The present study also adds to previous knowledge by revealing the presence of two kinds of cultural differences in the visual extraction processes involved in pain intensity discrimination. First, East Asians needed more bubbles in order to discriminate between different intensity levels of pain expression. We interpret this finding as evidence that East Asians needed more signal than Westerners to succeed at this task. Such a difference could also be expected if the facial configuration of pain included in experiment 3 was not equally representative of pain for both groups. A control experiment was conducted to assess this possibility and suggests that this is not the case. Moreover, previous studies comparing the configuration of pain facial expressions across East Asians and Westerners have also revealed very similar expressions for both groups. Nevertheless, the results of experiment 2 shed some doubt on the idea that the stimuli were equally representative of pain for both groups by showing that East Asians expected changes in the left eyebrows that were not expected by the Westerners. To better understand the sensory mechanisms at play in the finding that more signal was needed by East Asians than by Westerners, future studies should include different configuration of pain expressions (e.g., see Kunz & Lautenbacher, 2014) as well as a more precise measure of sensitivity to pain intensity differences, for instance by measuring the participants’ psychophysical curve.

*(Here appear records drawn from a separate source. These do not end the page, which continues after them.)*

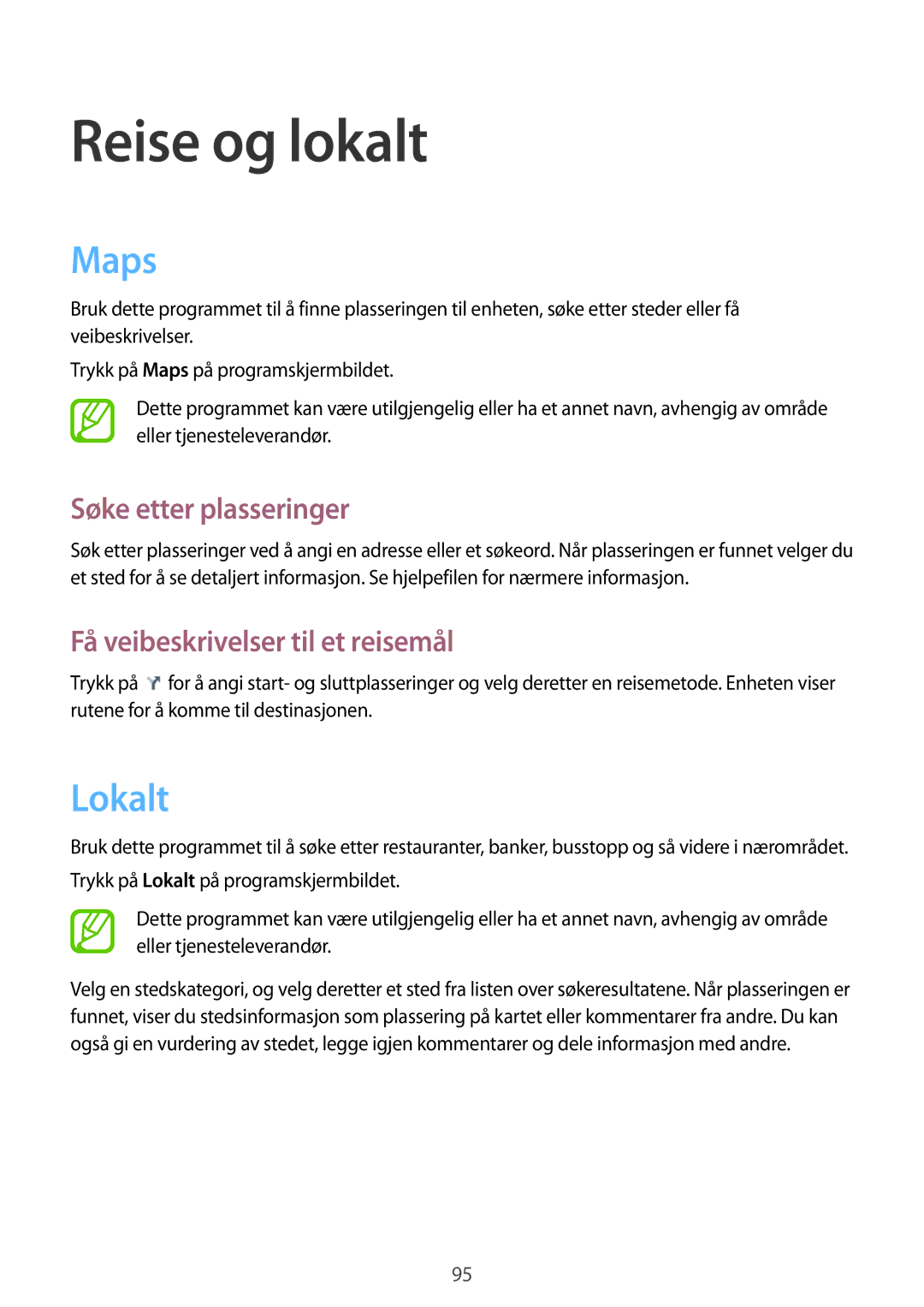 Samsung SM-G3815HKANEE manual Reise og lokalt, Maps, Lokalt, Søke etter plasseringer, Få veibeskrivelser til et reisemål 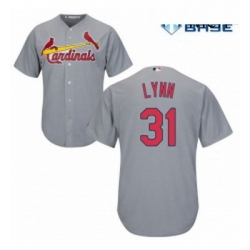 Mens Majestic St Louis Cardinals 31 Lance Lynn Replica Grey Road Cool Base MLB Jersey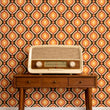 Load image into Gallery viewer, Retro Mod Geometric Wallpaper – Mid Century Modern Orange & Mustard Pattern, 70s Atomic Wallcovering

Second, East Asians generally made less use than Westerners of the lower part of the face when attempting to discriminate the intensity of pain expressions. This is consistent with the results of experiments 1 and 2, which show how East Asians expect sharp changes in this area of a person in pain. In fact, if such acute changes are expected, East Asians may have a harder time extracting the visual information associated with more subtle changes like the ones presented in experiment 3 stimuli. Moreover, our finding that East Asians made less use of the lower part of faces is congruent with the previous results showing that East Asians make fewer eye fixations on the lower part of faces during facial expression categorization (Jack et al., 2009).

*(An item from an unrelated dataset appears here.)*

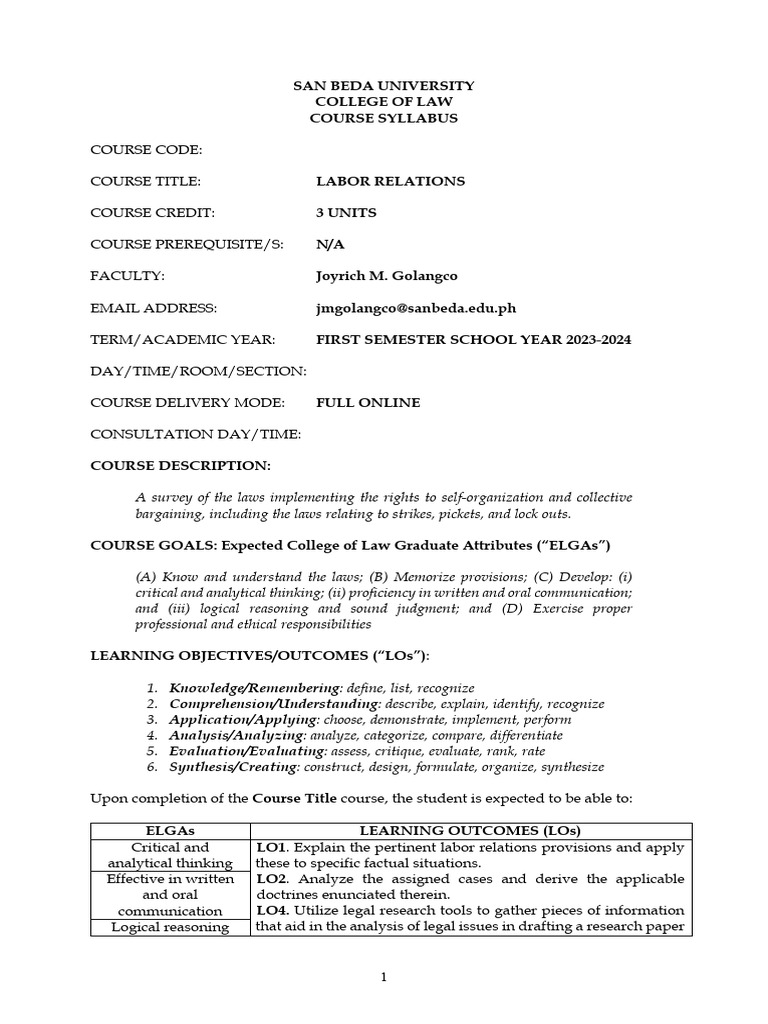 Labor Relations Course Syllabus 2023-2024 | PDF | Injunction ...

The present results must be interpreted while acknowledging certain limitations. First, although the findings are understood as reflecting the differences between East Asians and Westerners, the sample only included Canadian and Chinese participants. The mental representations and visual strategies used to decode pain expressions are likely to vary from one individual to the other and may also vary within Western and East Asian countries. To gain a better understanding of the variability in pain mental representations and decoding processes, future work should include samples from various Western and East Asian countries, as well as from other cultures. Future studies should also consider how the sex of participants, the gender profile of the stimuli, and culture interacts together. It is possible that social norms pertaining to the intensity with which one expresses pain differ between women and men.

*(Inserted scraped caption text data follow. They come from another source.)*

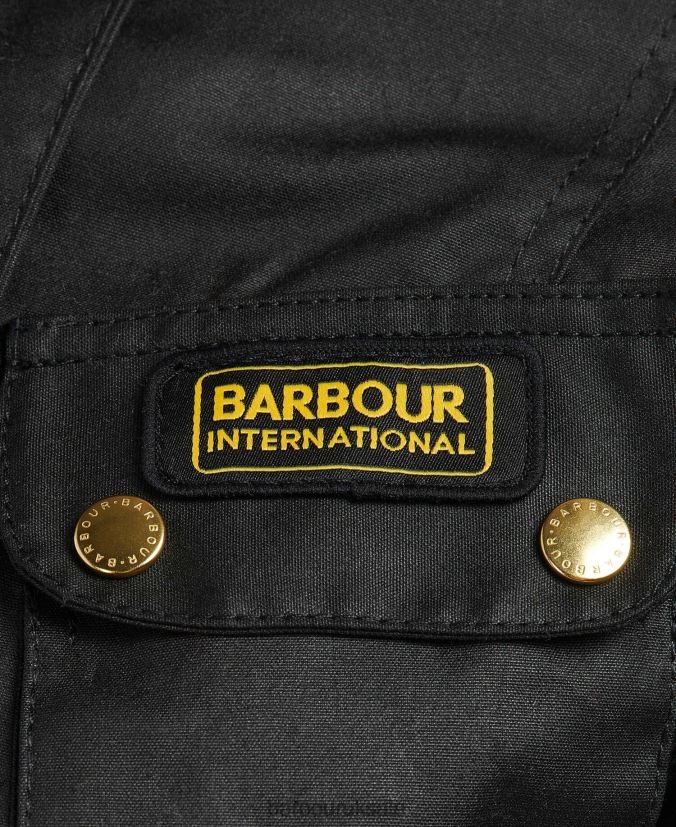 Ladies International Waxed Jacket Barbour Women R08LB61380 Clothing Black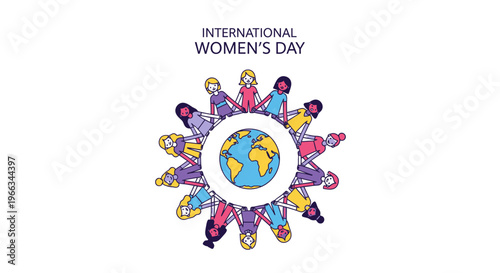 International Women's Day diverse women holding hands around globe illustration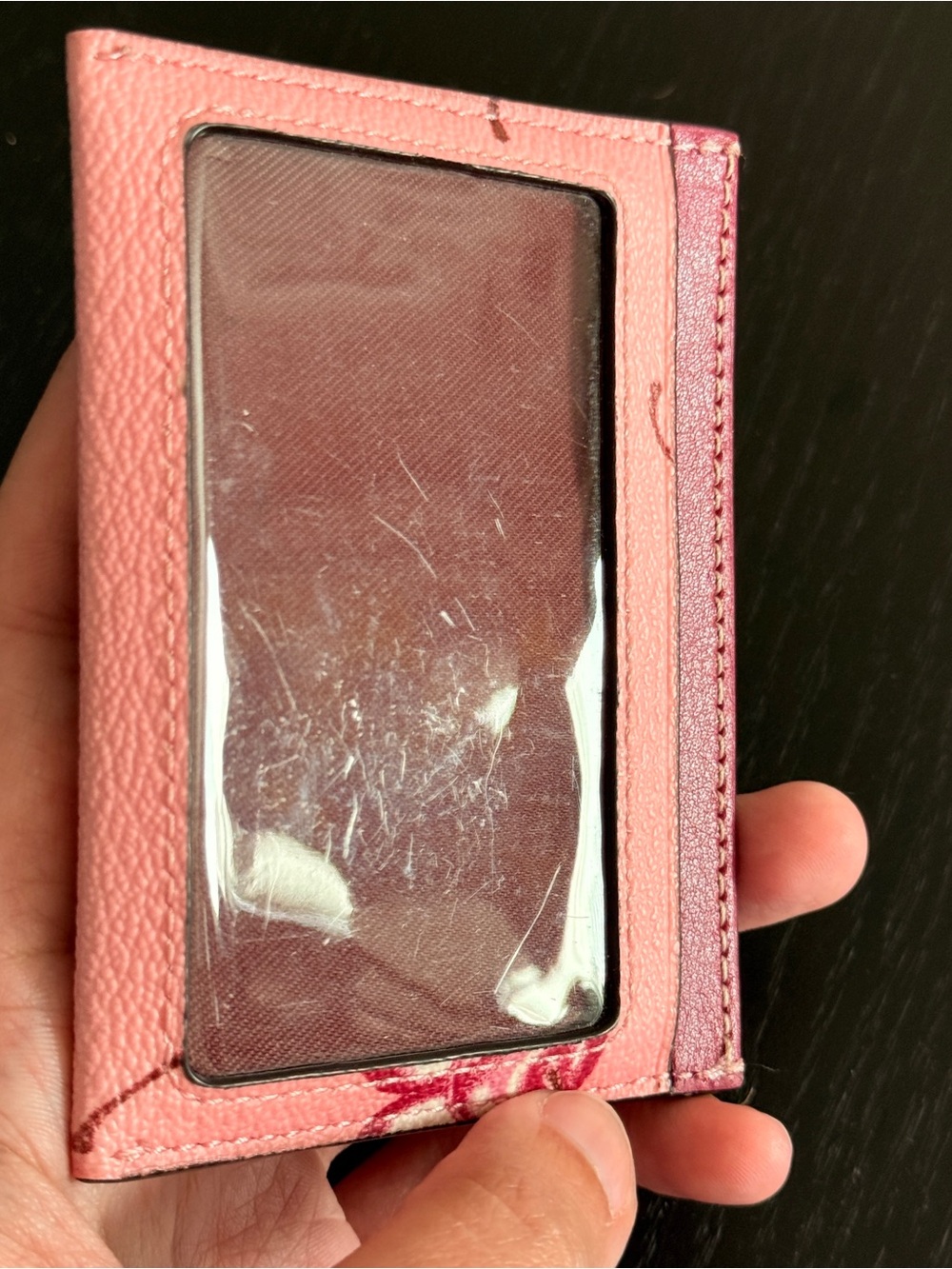 Coach Cherry Print Polished Pebble Leather ID Card Case Wallet - Picture 5 of 8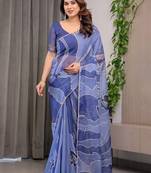 Luxury organza print saree collection with colorful edge borders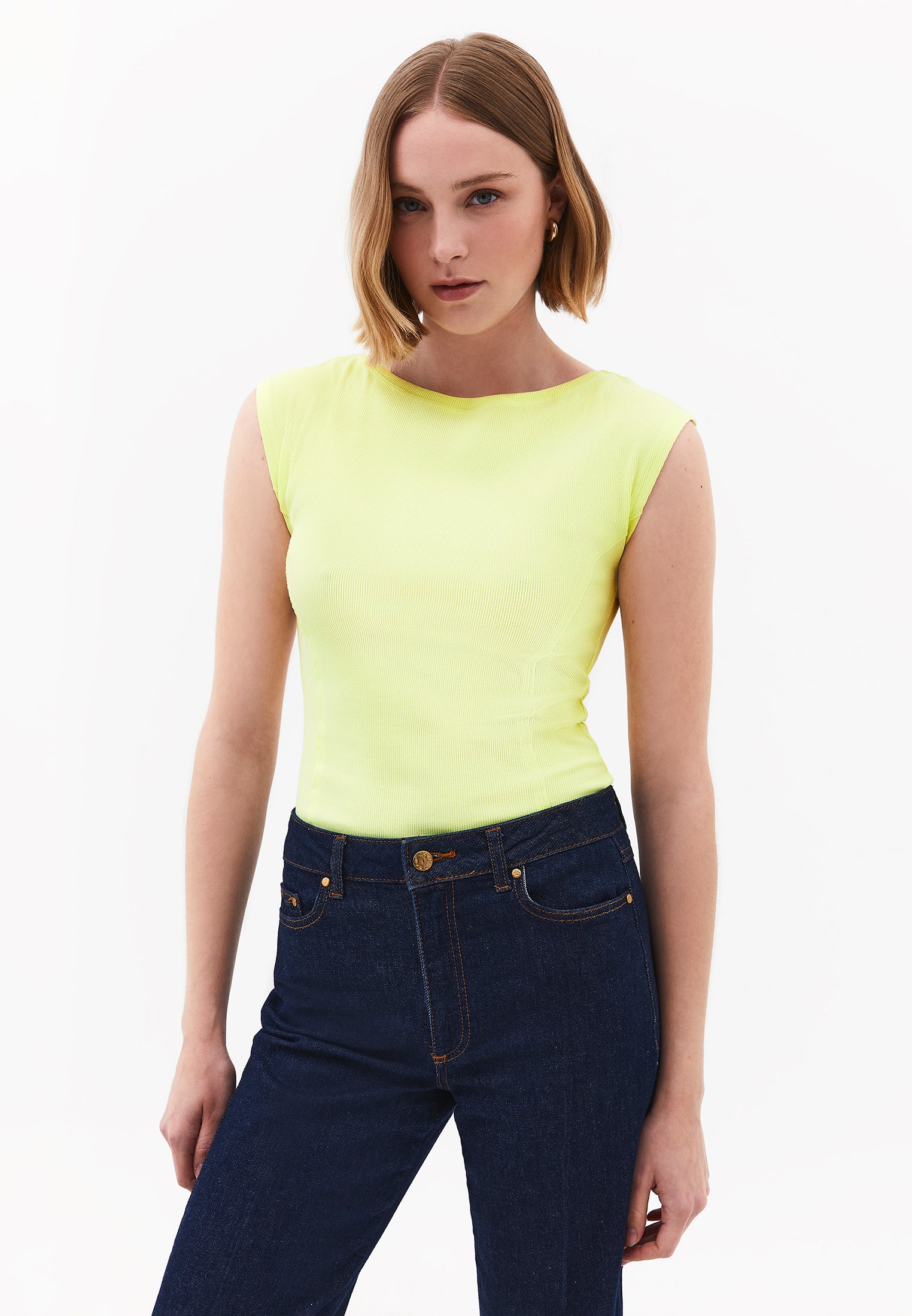 Boat Neck Short Sleeve Bodycon T-Shirt - LUMINARY GREEN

In conclusion, the present study revealed that, compared with Westerners, East Asians expect more intense pain expressions, suggesting that differences exist in the intensity with which they express pain. Moreover, East Asians need more signal to discriminate between subtle differences in the intensity of pain expressions, and they are less efficient at using the information conveyed by the facial features located in the lower part of the faces. Together, those findings suggest that different social norms regarding the intensity with which pain should be expressed lead to important differences in pain communication. Overall, our findings highlight the complexity of emotional facial expressions and the importance of studying pain communication in multicultural settings.